ANOVA (Analysis of Variance) is an analysis tool used to see the effect of categorical independent variables on a dependent variable in regressions.

There are two main assumptions that need to be met when using ANOVA.

- The groups in a categorical variable must be independent.
- Data must be normally distributed with equal variance.

To explore how to perform ANOVA in Stata, we will use Stata’s reading scores dataset (‘reading.dta’). This dataset can be loaded using the *webuse* command.

webuse reading.dta

This dataset has five variables related to students’ reading scores, reading program, skill enhancement technique, and their group.

We will drop the ‘class’ and ‘group’ variable and use only the ‘program’ and ‘skill’ variables as the independent categorical variables that have an effect on ‘score’.

drop class group

## Checking Normality of Dependent Variable in Stata

First, let’s check whether ‘score’ is normally distributed or not. While there are several ways to do this, we will use a simple histogram.

histogram score

histogram score, by(program) normal

histogram score, by(skill) normal

In general, the variable ‘score’ does appear to tend to follow a normal distribution across all groups of the categorical variables.

## Types of ANOVA

There are two main types of ANOVA:

- One-way (or unidirectional) ANOVA
- Two-way ANOVA

A one-way ANOVA helps evaluate the effect of a single, categorical independent variable on a single dependent variable. It can be used to see whether there exist any statistically significant differences between the means of the independent (unrelated) groups/categories.
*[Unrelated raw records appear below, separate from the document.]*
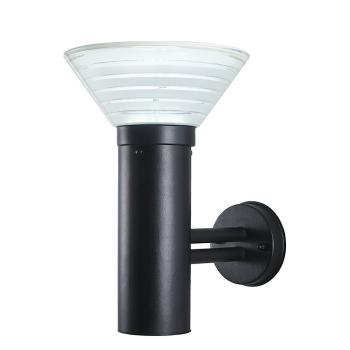 Lampe LED solaire applique murale d'extérieur – MyPureva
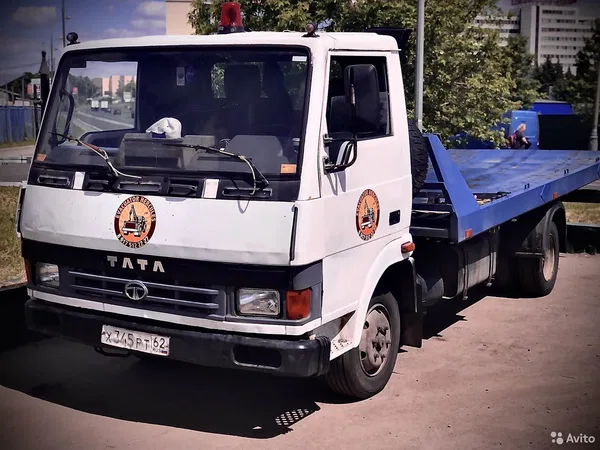 Эвакуатор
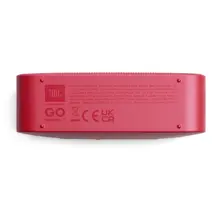 JBL Go Essential 2 Red thumbnail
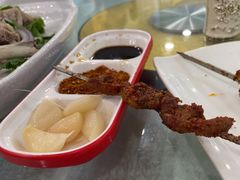 -马尔龙新疆饭店·清真(瑞景店)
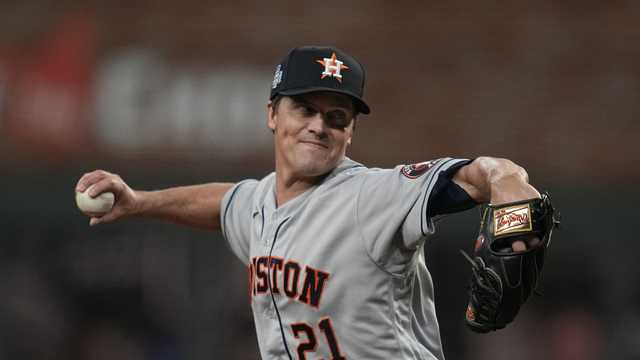 Kansas City Royals sign Zack Greinke to 1-year deal - Vimarsana News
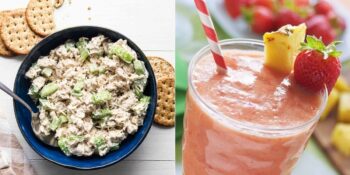 Sadece 5 Malzemeyle Hazırlanan Birbirinden Lezzetli Öğle Yemeği Tarifleri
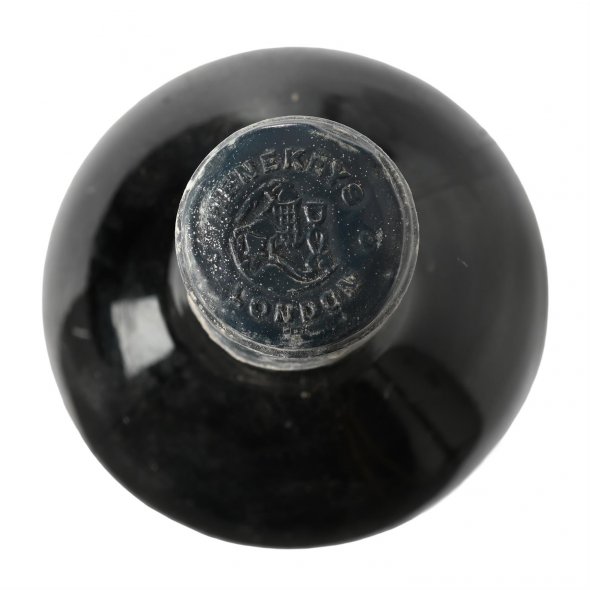 Chateau Batailley 5eme Cru Classe, Pauillac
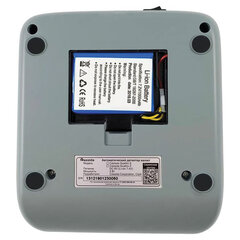 Детектор банкнот CASSIDA Quattro Z, автоматический, RUB, ИК-, АНТИСТОКС-детекция, МАГНИТНАЯ детекция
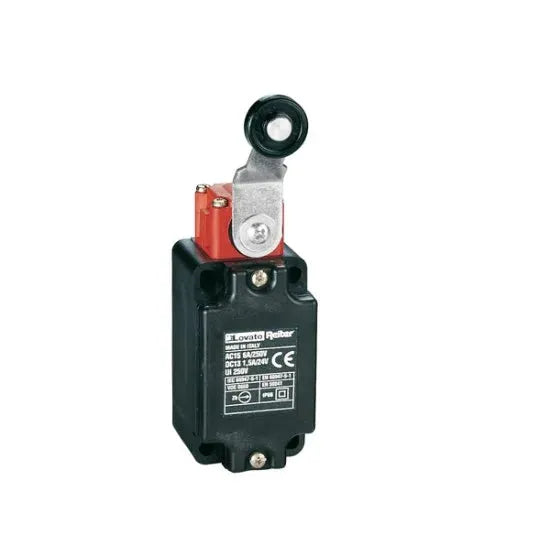 Lovato Electric TS10521A Limit Switch Price In Pakistan
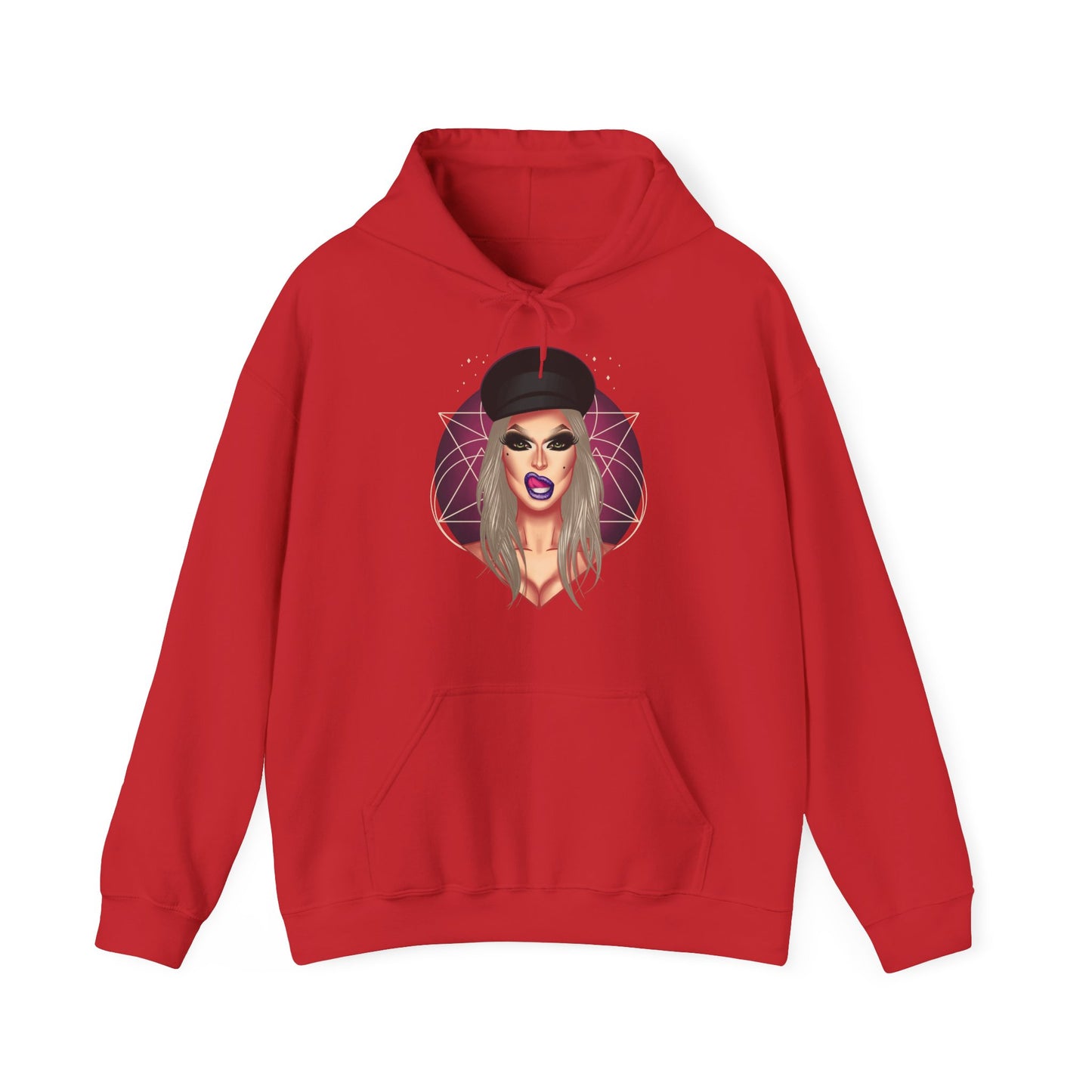 "Lick Me" Unisex Hoodie
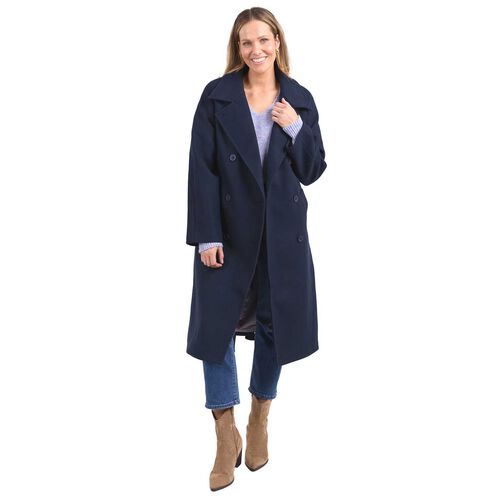 ELM Clemence Coat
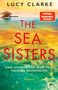 Lucy Clarke: The Sea Sisters, Buch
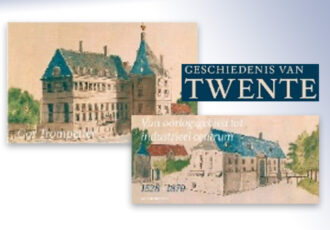 Lezing over de geschiedenis van Twente bij Heemhuis Ootmarsum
A two-way ANOVA is similar to a one-way ANOVA, with the only difference being that there are two categorical, independent variables. A two-way ANOVA is also used to study the interaction between the two categorical variables. Similarly, it can also used to study their joint effect on the dependent variable.

## The Null Hypothesis in ANOVA in Stata

The null hypothesis in an ANOVA test states that there is no statistically significant difference between the groups/categories being tested. In other words, the null hypothesis states that the means of all these groups are equal If this is true, the ANOVA test’s F-ratio statistic will be close to 1.
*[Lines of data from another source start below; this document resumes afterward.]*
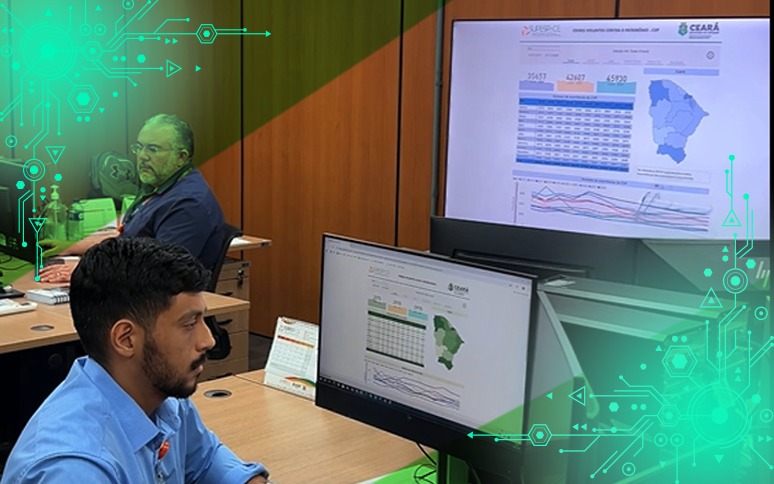 Supesp amplia busca por dados abertos e aumenta transparência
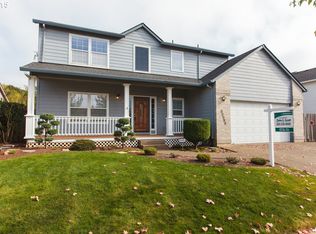 11500 Shelby Rose Dr, Oregon City, OR 97045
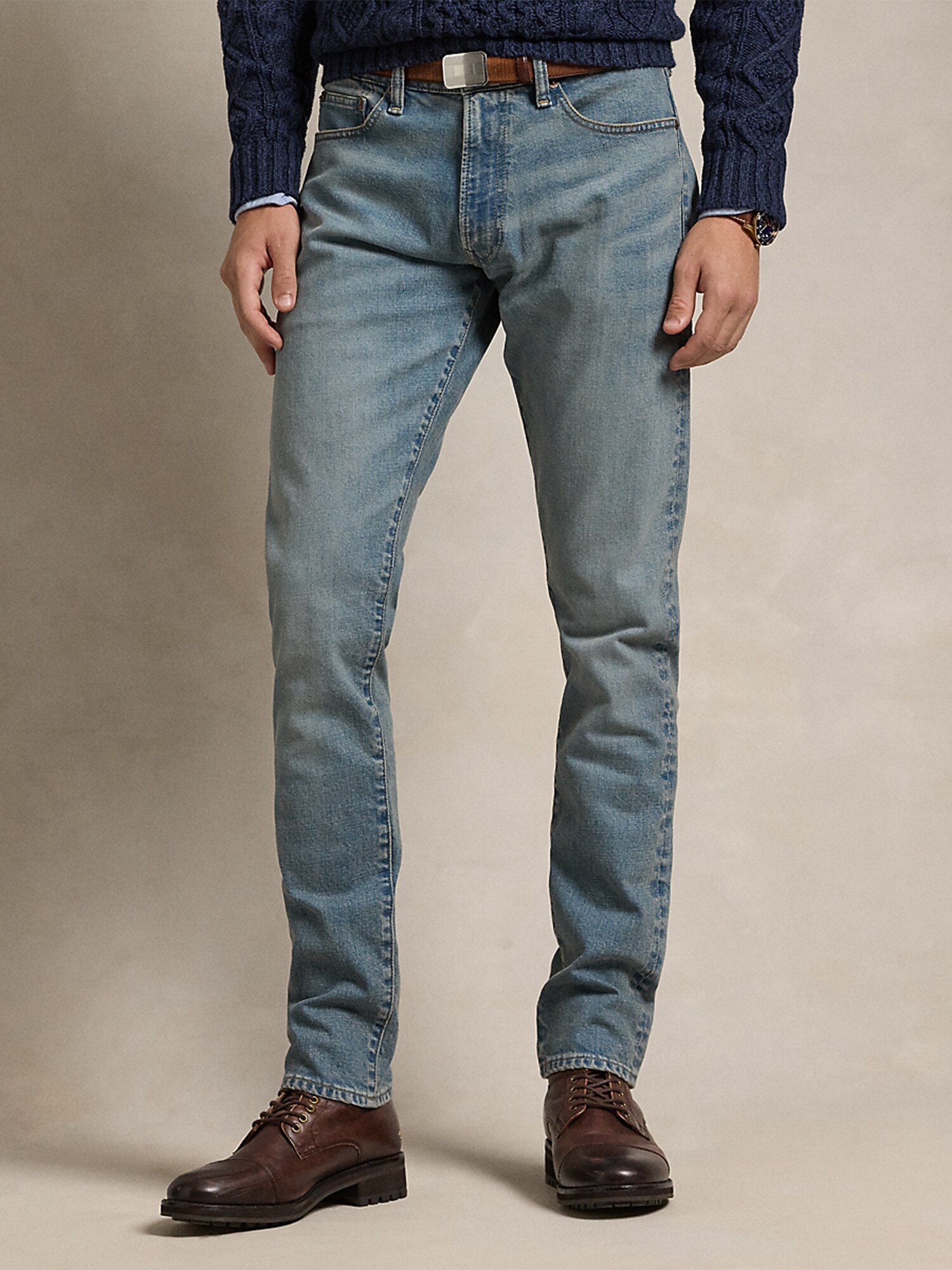 Polo Ralph Lauren Jeans Sullivan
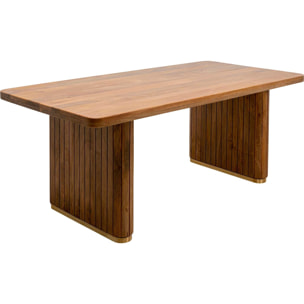 Table Grace 180x90cm Kare Design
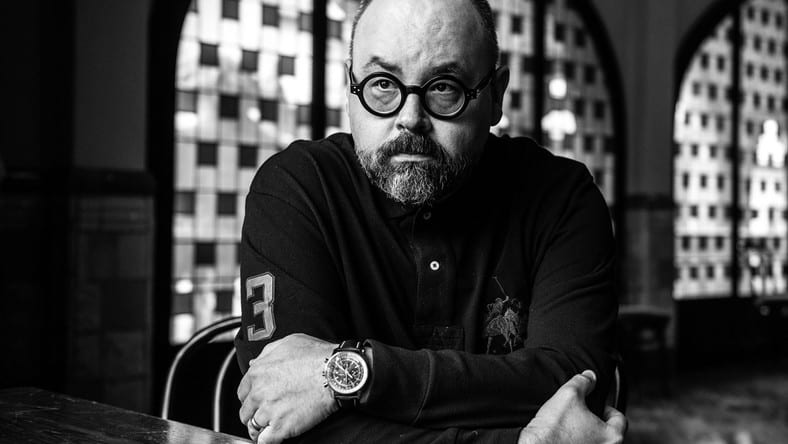 L’ultimo saluto a Carlos Ruiz Zafon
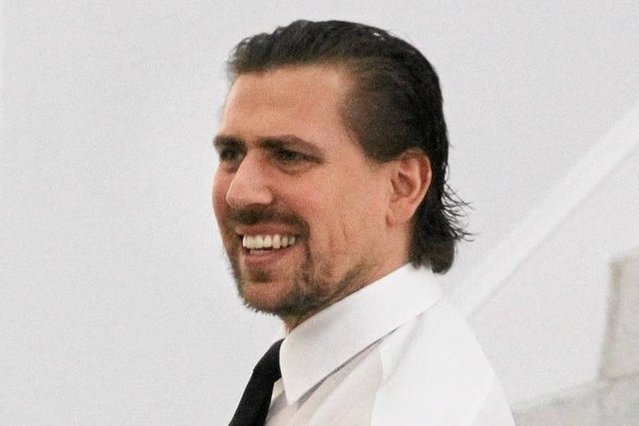 Agent Tomek oskarża swoich szefów o to, że uczynili z niego bezwiedne narzędzie w sprawie domniemanej afery "willi Kwaśniewskich".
The alternative hypothesis would be that the mean of at least one of the groups/categories is not equal to the others.

## One-way ANOVA in Stata

Let’s conduct a one-way ANOVA using ‘score’ (i.e. a student’s reading score) as the continuous, dependent variable and ‘program’ as the independent categorical variable. A one-way ANOVA can be performed in Stata using the *oneway *command followed by the dependent and the independent variables.

oneway score program, tab

The table reports the sums of squares (column ‘SS’), the means of squares (MS) along with the degrees of freedom (df). The mean squares is calculated by dividing the sums of square by the degree of freedom. The relevant test statistic in this case is the F-stat reported in the second last column titled ‘F’ calculated by taking a ratio of the mean squares. The degrees of freedom in the numerator are 1, and in the denominator are 298.

Statistical significance of the F-stat can be ascertained from the p-value (column titled Prob > F). If the value is less than 0.05, we can say that at least one pair of means is not equal.

In this case, because the p-value is 0, it can be concluded that at least one pair of score means across the two groups of the reading program are not equal.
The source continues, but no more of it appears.